## Task statement
Could you show each line of the records that contains the word "Children"?

## Data to use
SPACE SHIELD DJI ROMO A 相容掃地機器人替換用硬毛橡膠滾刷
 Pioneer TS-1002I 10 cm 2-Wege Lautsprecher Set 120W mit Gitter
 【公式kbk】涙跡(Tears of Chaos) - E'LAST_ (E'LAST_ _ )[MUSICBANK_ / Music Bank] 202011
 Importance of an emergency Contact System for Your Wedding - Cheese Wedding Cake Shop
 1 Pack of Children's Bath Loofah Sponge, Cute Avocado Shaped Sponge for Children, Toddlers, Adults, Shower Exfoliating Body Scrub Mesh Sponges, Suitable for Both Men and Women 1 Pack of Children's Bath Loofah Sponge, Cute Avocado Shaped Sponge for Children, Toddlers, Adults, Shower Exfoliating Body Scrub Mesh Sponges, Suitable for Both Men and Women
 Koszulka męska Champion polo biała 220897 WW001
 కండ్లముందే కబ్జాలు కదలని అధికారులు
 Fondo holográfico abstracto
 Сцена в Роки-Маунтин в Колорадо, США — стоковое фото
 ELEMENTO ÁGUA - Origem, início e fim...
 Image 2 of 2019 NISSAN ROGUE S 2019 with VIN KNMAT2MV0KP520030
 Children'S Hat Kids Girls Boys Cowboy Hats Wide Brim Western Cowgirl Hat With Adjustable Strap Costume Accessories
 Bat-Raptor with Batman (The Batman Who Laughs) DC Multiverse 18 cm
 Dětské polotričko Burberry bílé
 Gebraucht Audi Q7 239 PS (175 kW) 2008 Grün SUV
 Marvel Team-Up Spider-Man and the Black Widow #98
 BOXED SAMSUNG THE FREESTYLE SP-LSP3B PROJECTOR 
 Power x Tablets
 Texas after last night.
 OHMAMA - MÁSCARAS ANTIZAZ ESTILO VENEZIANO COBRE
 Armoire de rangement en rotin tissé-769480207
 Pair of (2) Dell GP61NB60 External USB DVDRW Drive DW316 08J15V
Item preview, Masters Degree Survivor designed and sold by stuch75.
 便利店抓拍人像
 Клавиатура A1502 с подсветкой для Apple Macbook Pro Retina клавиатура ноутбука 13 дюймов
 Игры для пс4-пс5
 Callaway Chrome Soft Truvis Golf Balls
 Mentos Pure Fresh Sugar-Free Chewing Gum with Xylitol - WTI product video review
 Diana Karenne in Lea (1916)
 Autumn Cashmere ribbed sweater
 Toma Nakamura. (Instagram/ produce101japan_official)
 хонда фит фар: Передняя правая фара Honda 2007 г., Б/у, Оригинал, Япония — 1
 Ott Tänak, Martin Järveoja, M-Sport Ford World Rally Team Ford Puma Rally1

## Written response
 1 Pack of Children's Bath Loofah Sponge, Cute Avocado Shaped Sponge for Children, Toddlers, Adults, Shower Exfoliating Body Scrub Mesh Sponges, Suitable for Both Men and Women 1 Pack of Children's Bath Loofah Sponge, Cute Avocado Shaped Sponge for Children, Toddlers, Adults, Shower Exfoliating Body Scrub Mesh Sponges, Suitable for Both Men and Women
 Children'S Hat Kids Girls Boys Cowboy Hats Wide Brim Western Cowgirl Hat With Adjustable Strap Costume Accessories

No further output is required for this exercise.